One of the best things you can do is to help your loved one get discharged from the hospital as quickly as possible. So how can you help your loved one get well?
1. Stay informed. With the patient's permission, ask the doctors questions about the patient's conditions. Write the questions, so you won't forget. Become the designate patient advocate.
3. Encourage your sick loved one to watch television selectively with getting well in mind. Don't watch the news or violent, depressing programs. Periods. Watching violence and fear inducing programs can be stressful and raise your stress hormone levels, which in turn slows down the healing process.
In contrast, watching uplifting and inspiring programs, especially comedies and educational programs can lower your stress and help you to get well faster.
4. Encourage the patient to to share her or his thoughts with a kind-hearted person, a good listening ear. It doesn't matter if it is you or someone else. And if there's no one available, encourage them to write about their deep, unexpressed emotions. Medical studies have found that honest expression is a great way to help the body to get well. Writing helps to strengthen the immune system and other bodily functions.

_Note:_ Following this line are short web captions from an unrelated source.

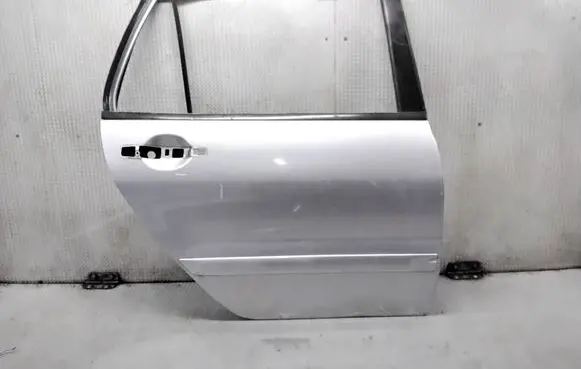 Mitsubishi Lancer Rear door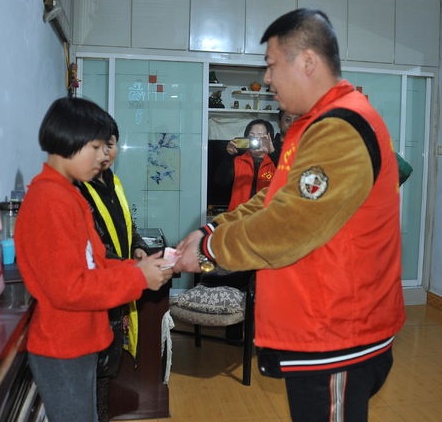 郭明义爱心团队沟帮子福全爱心团队助力因病致贫家庭学子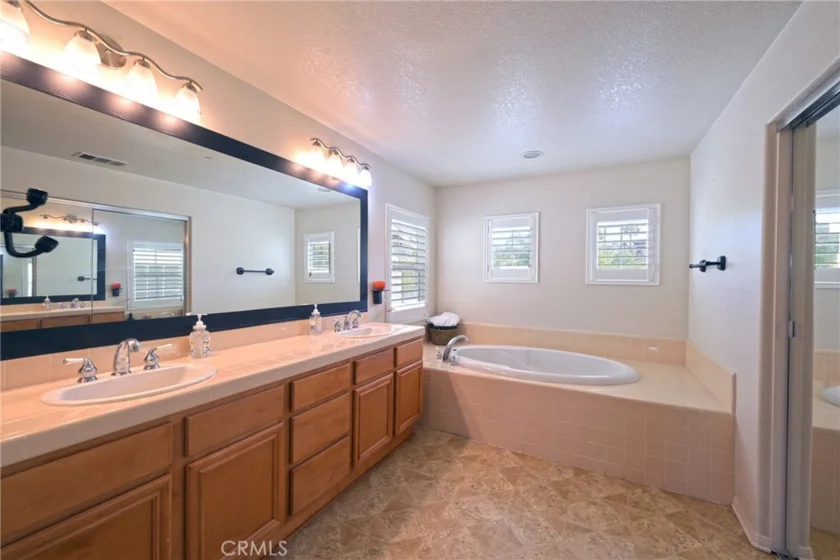 26784 Lemon Grass photo 37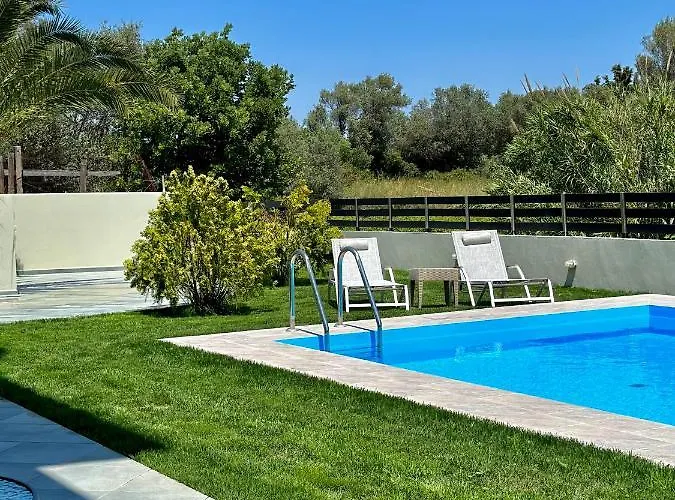 Villa Rose Ground Floor - Private Swimming Pool Garden *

5. Encourage optimism. Medical research demonstrates that optimists are healthier and recover faster than pessimists. Every crisis and illness can be viewed as an opportunity.
6. Find ways to relax. Most illnesses are supported by high levels of stress hormones, so when they are lowered through various means of relaxation, the body has the opportunity to recuperate and heal.
Isn't it great to learn there's a lot you can do to help your sick loved one?